Homo-double-helix chiral cylindrical molecular complexes were modified at the axial positions by introducing groups at the terminal positions of oligomers. Introduction of hydrophilic poly(ethylene oxide) (PEG) groups enhanced solubility in aqueous solutions, characterized by an inverse thermo response, that is cooling induced dissociation and heating association [60]. On the basis of the discussions of ordinary thermo responses, the inverse thermo response was considered to involve positive ∆H and ∆S values of the association reaction, which, however, is counter-intuitive, because the association reaction is endothermic and entropy increasing (Figure 14b).
The ethynylhelicene (M)-tetramer with six terminal PEG groups showed an inverse thermo response in an aqueous solvent system of acetone/water/triethylamine (1:2:1) (Figure 15). DLS analysis confirmed that no higher aggregates were formed under these conditions and the inverse thermo response was a molecular event in dilute solution. The thermodynamic parameters for the association reaction were ∆H = +240 kJ mol−1 and ∆S = +0.92 kJ mol−1 K−1 both positive, which is unusual.
A mechanism for the inverse thermo response based on hydration and dehydration at the PEG groups during cooling and heating, respectively, was considered (Figure 16). At a low temperature, the PEG groups, being hydrophilic, are hydrated by water molecules and the (P)-tetramer in random-coil state is dissolved in the aqueous solvent. As temperature increases, the PEG groups become hydrophobic and are dehydrated, which induces water molecules surrounding the hydrophobic group to form an ordered structure. To reduce the ordered water cluster domain, which is thermodynamically unfavorable, the (P)-tetramer associates in solution. Then, heating induces the association reaction, which is endothermic with a positive ∆H. The properties of water clusters outweigh the properties the homo-double-helices to dissociate because of the temperature increase.
Another feature that must be considered is the dimeric aggregate formation without polymeric aggregation. In general, hydrophobic organic molecules in aqueous solution form polymeric aggregates, as exemplified by lipid bilayers and micelles. This behavior is due to the minimization of the hydrophobic surface area in water, which reduces the extent of the ordered water cluster domain owing to hydrophobic interactions. The dimeric aggregate formation in this system may be explained by the lower critical solvent temperature (LCST) of the triethylamine/water system, which is homogeneous at low temperatures and phase-separated at high temperatures. When temperature increases, triethylamine clusters are formed, which incorporate the hydrophobic (P)-tetramers and promote homo-double-helix formation by the π-π interactions. This system must be considered with regard to the structure of molecules and solvent clusters.

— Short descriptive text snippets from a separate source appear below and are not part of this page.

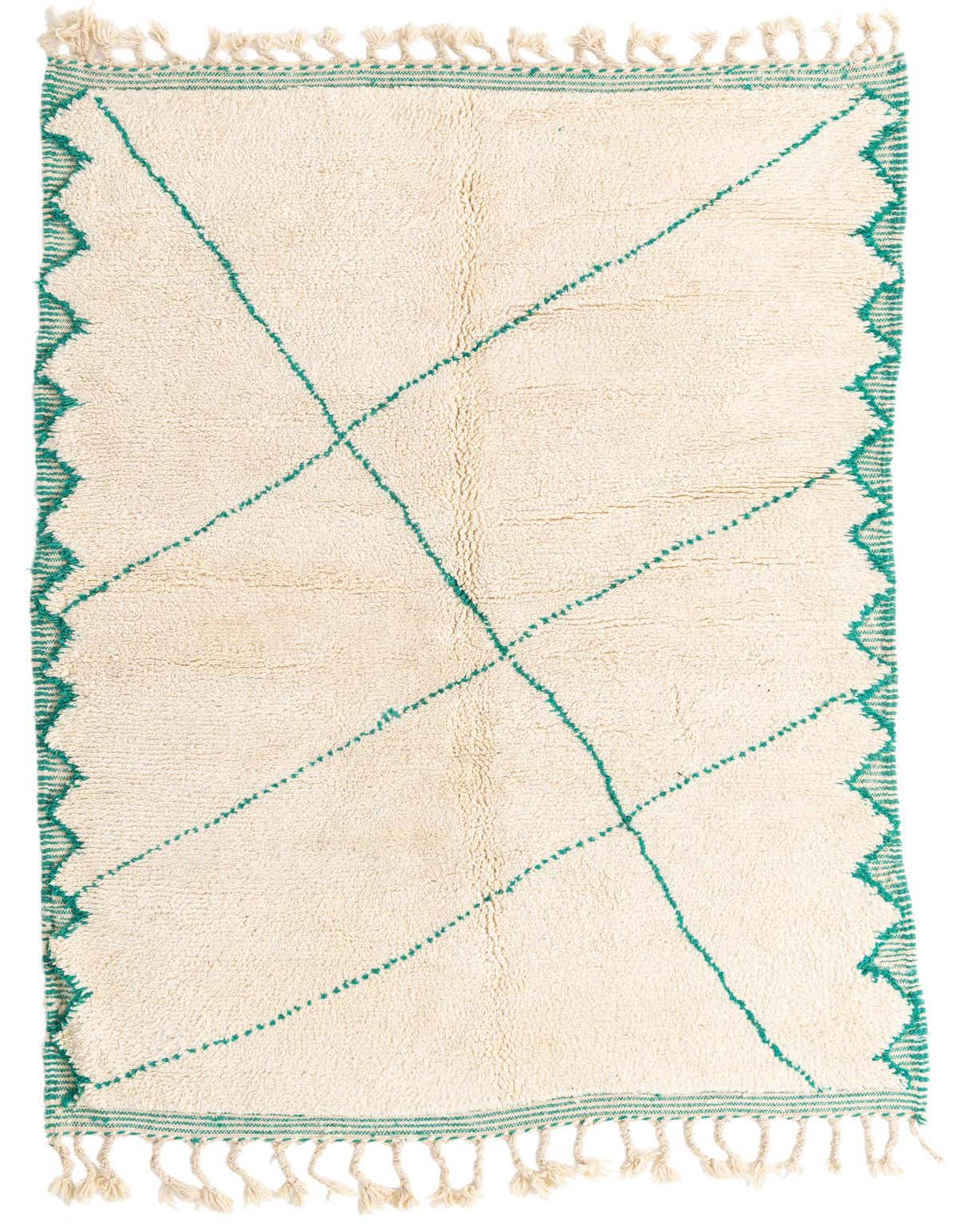 A 5x8 rectangular ivory shag rug with green tribal patterns and tassels, ideal for a living room.
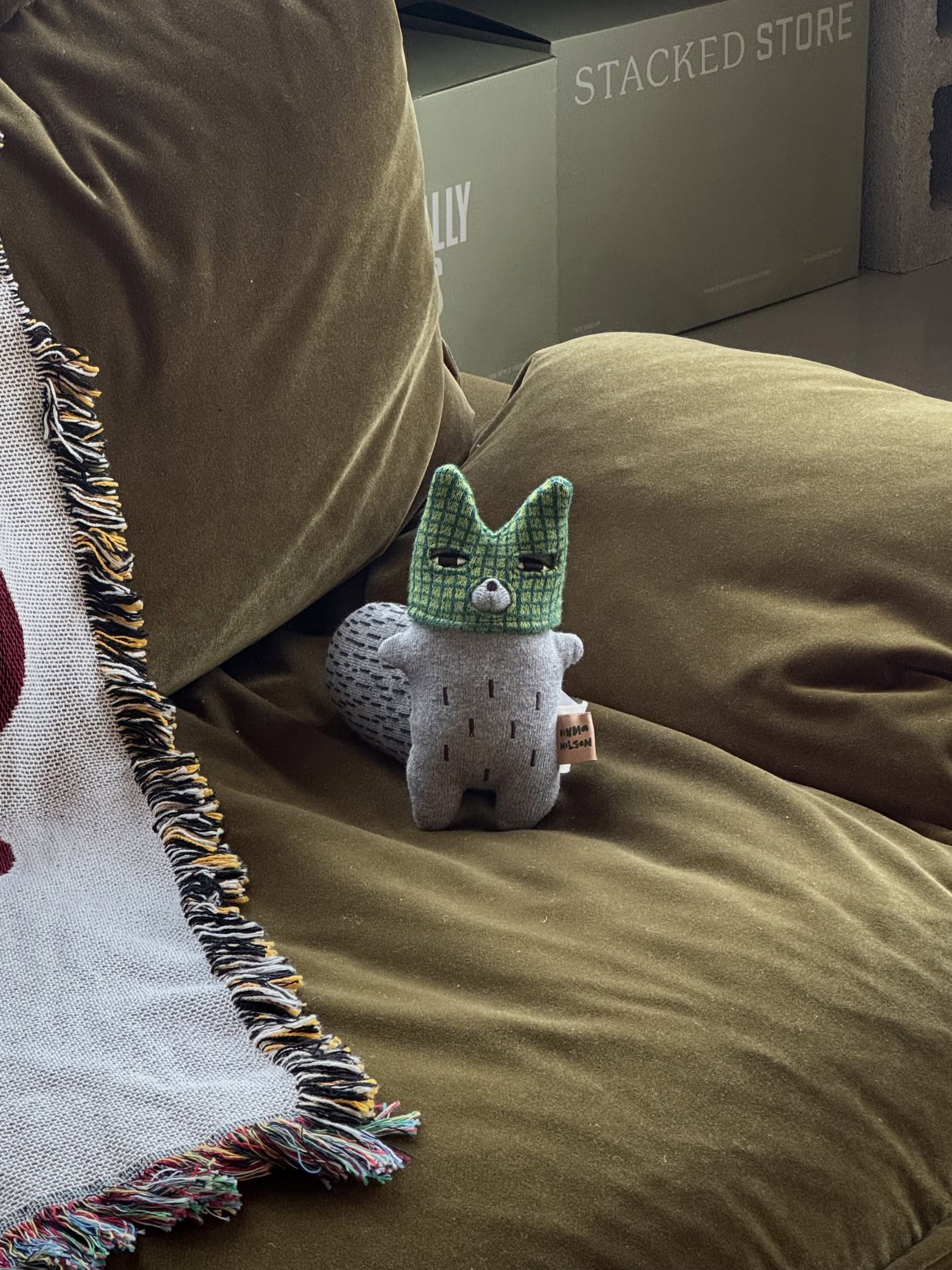 The Donna Wilson Wee One - Wilfred Wolf, a small plush toy by Donna Wilson, sits on an olive-green couch beside a colorful fringed blanket with cardboard boxes stacked in the background.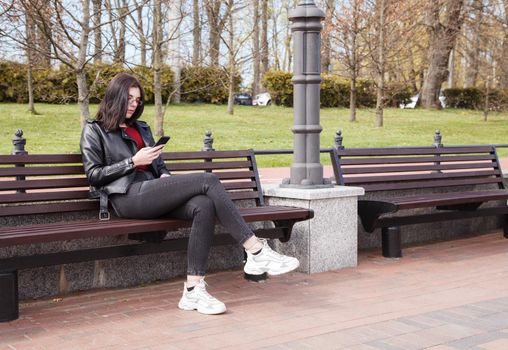 young girl in black jacket and jeans looking at smartphone display while sitting on bench in city park on sunny spring day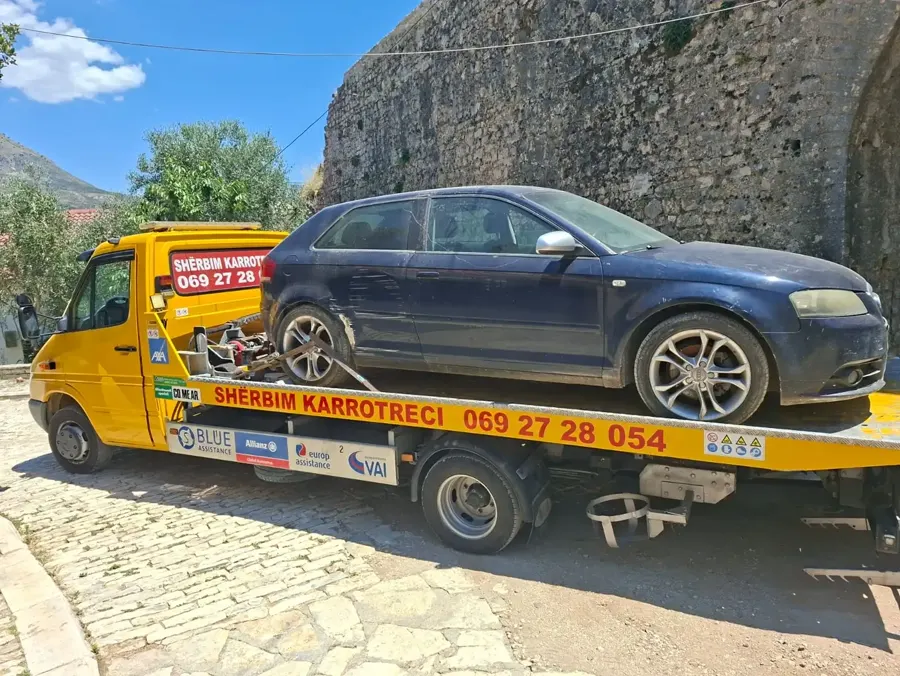 Yellow tow truck loading a damaged car near Gjirokastër castle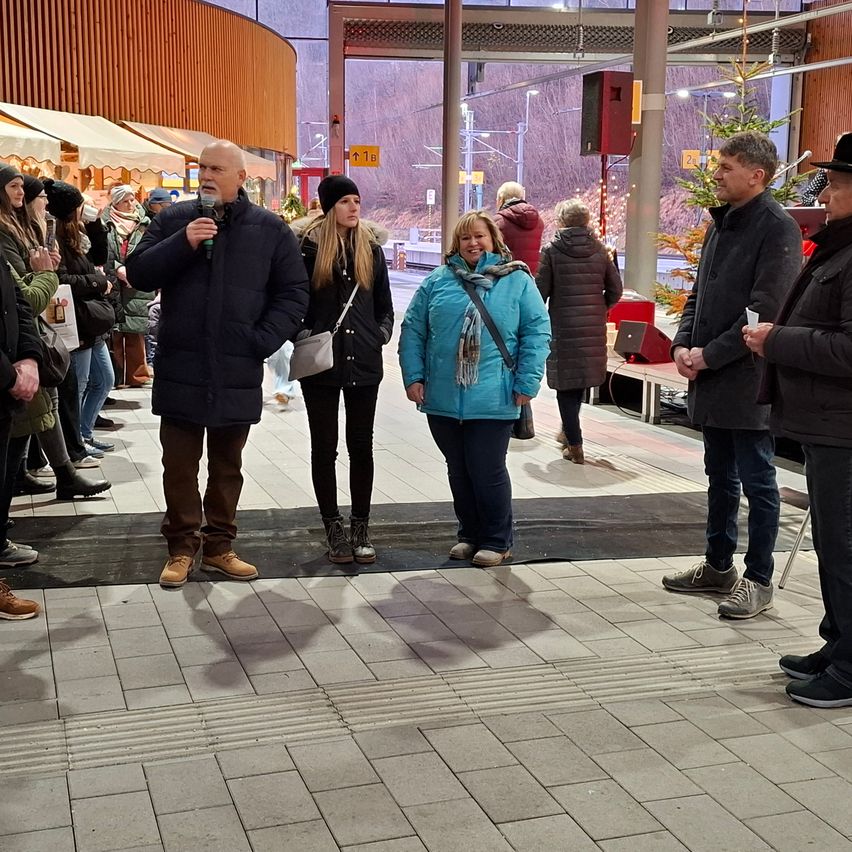 Eine Gruppe von Menschen ist versammelt, wahrscheinlich für eine Veranstaltung, mit einem Mann, der ein Mikrofon hält und spricht. Eine Frau in einem blauen Mantel lächelt, und andere hören zu. Hinter ihnen ist ein Weihnachtsbaum und ein Bus zu sehen.
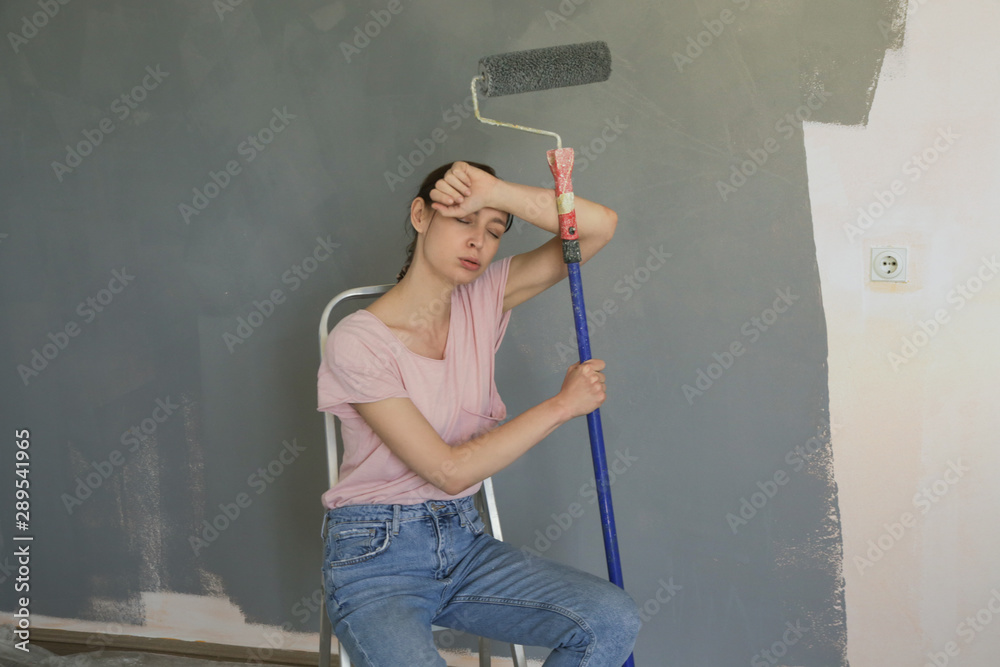 Portrait of a young woman taking a break in the middle of a DIY home improvement project Portrait of a young woman taking a break in the middle of a DIY home improvement project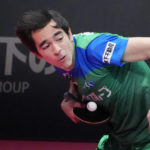 Brazil's Hugo Calderano tosses the ball to serve as he competes during a WTT tournament table tennis match, Sunday, Feb. 12, 2023, in Kawasaki, near Tokyo. Calderano is No. 5 in the sport's ranking, he reached No. 3 a year ago, and he's defeated many of the top Chinese including No. 1 Fan Zhendong. (AP Photo/Eugene Hoshiko)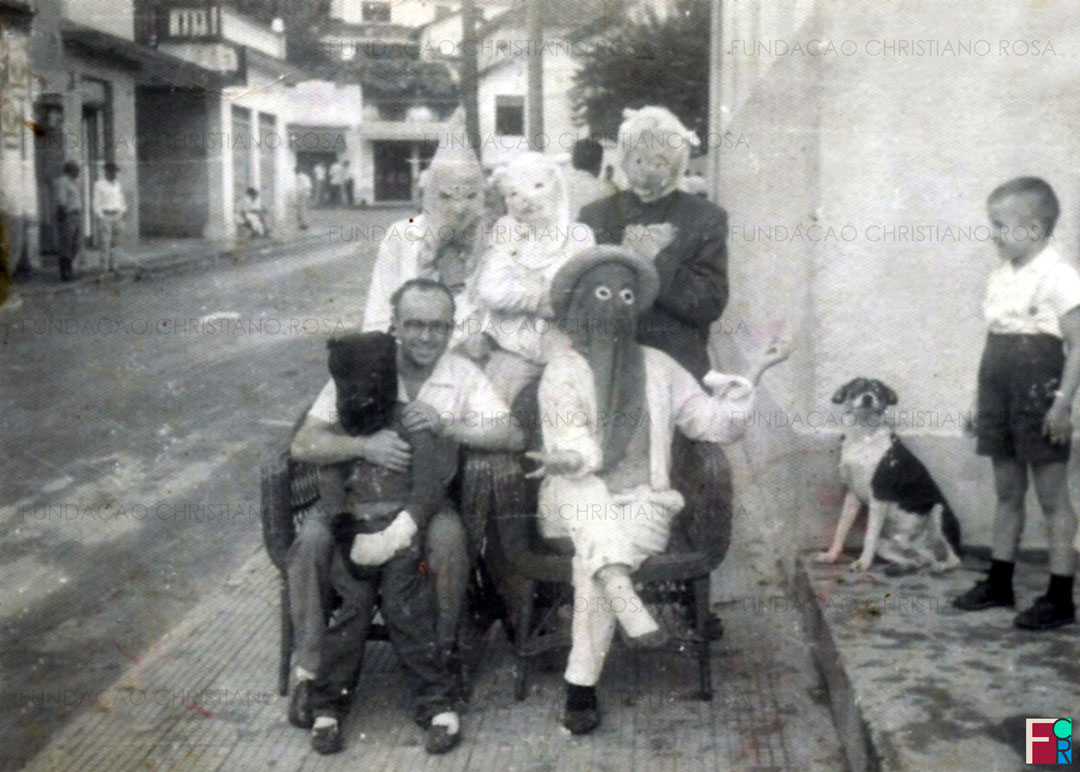 Mascarados de bloco de sujos em frente ao Hotel Brasil, na Praça da Bandeira, em Piquete, SP. Sentado, de óculos, o comerciante Aurélio Campos.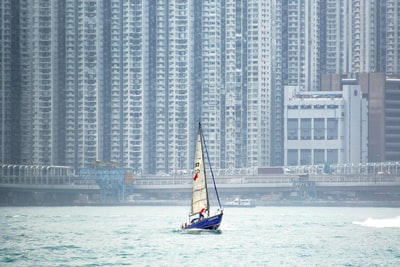 During the day, white and blue boat sailing in high-rise building near the sea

3.5. Thermo Response of Linked and Multi-Domain Ethynylhelicene Oligomers

Homo-double-helix formation by linked ethynylhelicene oligomers in organic solvents was substantially affected by the nature of linking groups. When a flexible linker such as a hexadecamethylene group was employed to connect two ethynylhelicene (P)-hexamers, intramolecular homo-double-helices were formed [59] This behavior is ascribed to entropic factors, for which intermolecular homo-double-helix formation is unfavorable.
The linking can involve noncovalent chemical bonds. Bi-domain (P,P)-oligomer were developed, which contained an ethynylhelicene (P)-heptamer domain and an amidohelicene (P)-tetramer domain [61,62] The amidohelicene oligomers were capable of forming dimeric aggregates, although their aggregation property was different from that of ethynylhelicene oligomers: They aggregated in nonpolar solvents and disaggregated in polar solvents such as THF and DMSO; aggregation is insensitive to temperature changes. Heating the (P,P)-oligomer in nonpolar aromatic solvents induces dissociation at ethynylhelicene domains, while aminohelicene domains remained associated.
A tri-domain (P,P,P)-oligomer was developed, in which ethynylhelicene (P)-pentamer was connected by two amidohelicene (P)-tetramers at both terminals (Figure 17). In nonpolar solvents, a middle chiral cylindrical molecular complex domain associated and dissociated during cooling and heating, which likely caused expansion and contraction, because of the rigid aggregate structure in the amidohelicene domain [63].

3.6. Double-Helix Formation by Aminomethylenehelicene and Oxymethylenehelicene Oligomers

Aminomethylenehelicene oligomers were developed, in which the acetylene moieties in ethynylhelicene oligomers were substituted by aminomethylene groups (Figure 12) [64,65]. The aminomethylenehelicene oligomers formed homo-double-helix in solution, which associated and dissociated on cooling and heating. The homo-double-helix formation was shown by the very high CD intensities; reduced intensity by UV-vis, broadening of 1H-NMR absorptions, dimeric aggregation by VPO, similarity in the CD spectra shape with ethynylhelicene oligomers, helincene-number dependence and relatively large negative ∆H = −70 kJ mol−1 and ∆S = −0.18 kJ mol−1 K−1 values by association reaction of (M)-pentamer. Oxymethylenehelicene oligomers, where the nitrogen atoms in the aminomethylenehelicene oligomers were substituted with oxygen atoms, also formed homo-double-helix in solution (Figure 12) [66].
Homo-double-helixes were formed by helicene oligomers in solution without forming higher aggregates. The thermodynamic aspect of their dynamics has been discussed above and with regard to the kinetic aspect the structural changes are generally very rapid on a time scale of less than 1 min.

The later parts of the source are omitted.